### SUPPLIED DATA

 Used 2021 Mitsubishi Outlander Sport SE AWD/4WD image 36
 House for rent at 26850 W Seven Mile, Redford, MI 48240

######
### SUPPLIED DATA

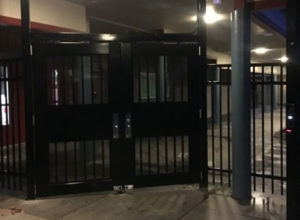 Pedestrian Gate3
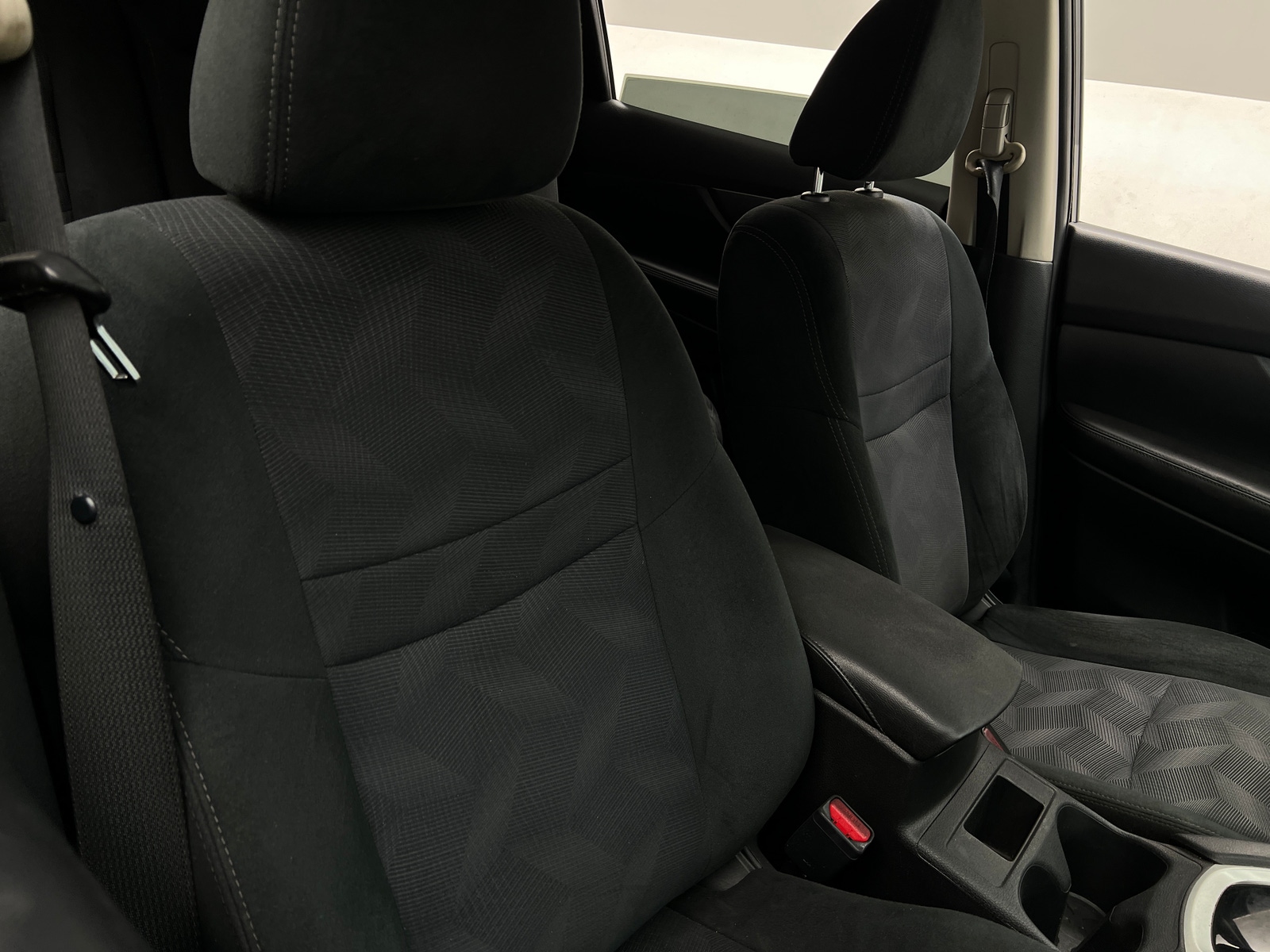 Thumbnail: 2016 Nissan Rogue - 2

######
### SUPPLIED DATA

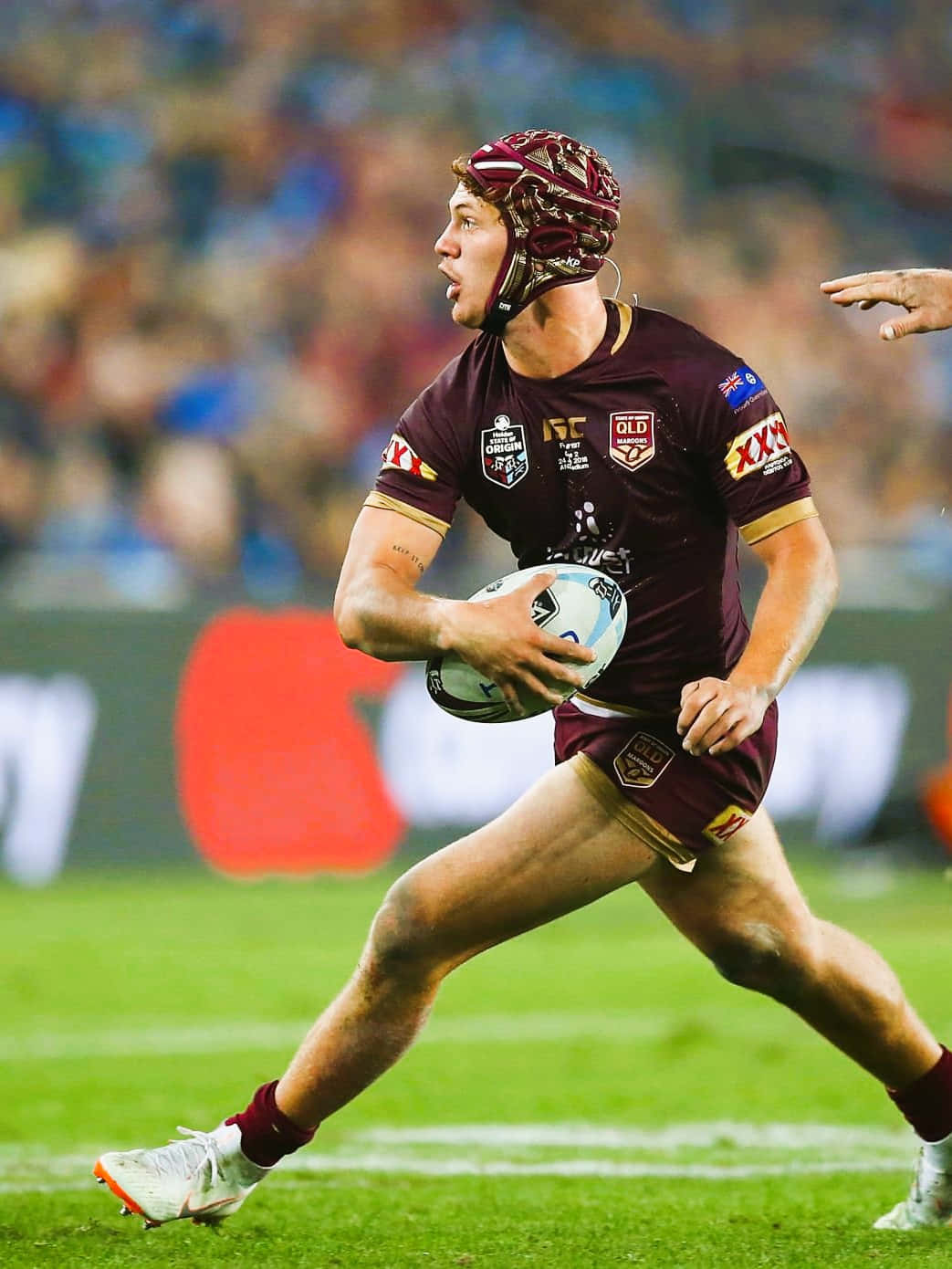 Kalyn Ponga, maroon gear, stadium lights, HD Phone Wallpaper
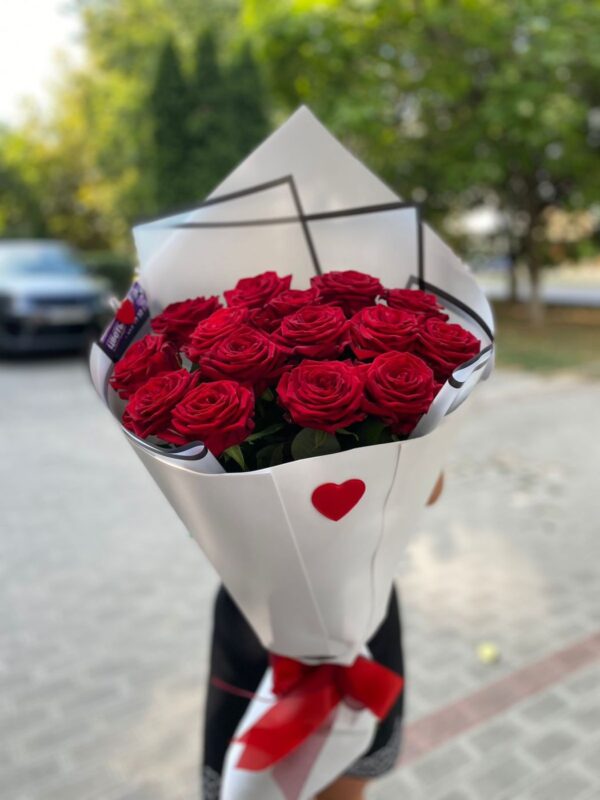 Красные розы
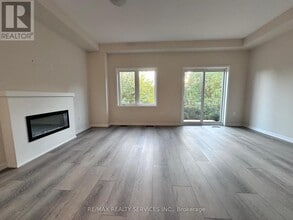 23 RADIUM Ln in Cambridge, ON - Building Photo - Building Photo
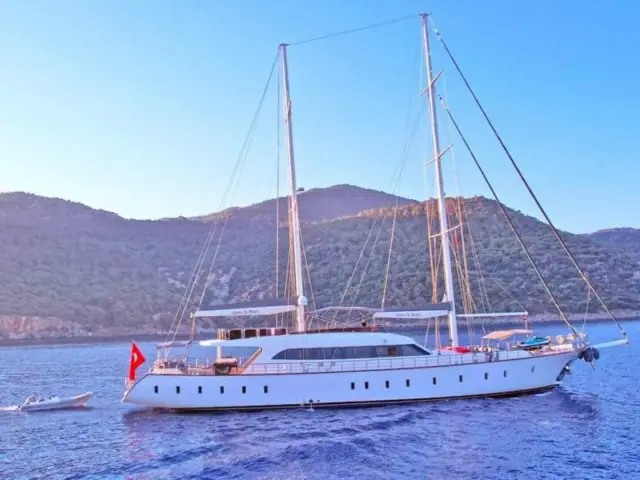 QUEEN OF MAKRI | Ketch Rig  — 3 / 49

######

WORK ITEM: Could you set down, exactly as written, the lines above between the one holding "Used 2021 Mitsubishi" and the one holding "House for rent", inclusive, and nothing more?

RESULT:
 Used 2021 Mitsubishi Outlander Sport SE AWD/4WD image 36
 House for rent at 26850 W Seven Mile, Redford, MI 48240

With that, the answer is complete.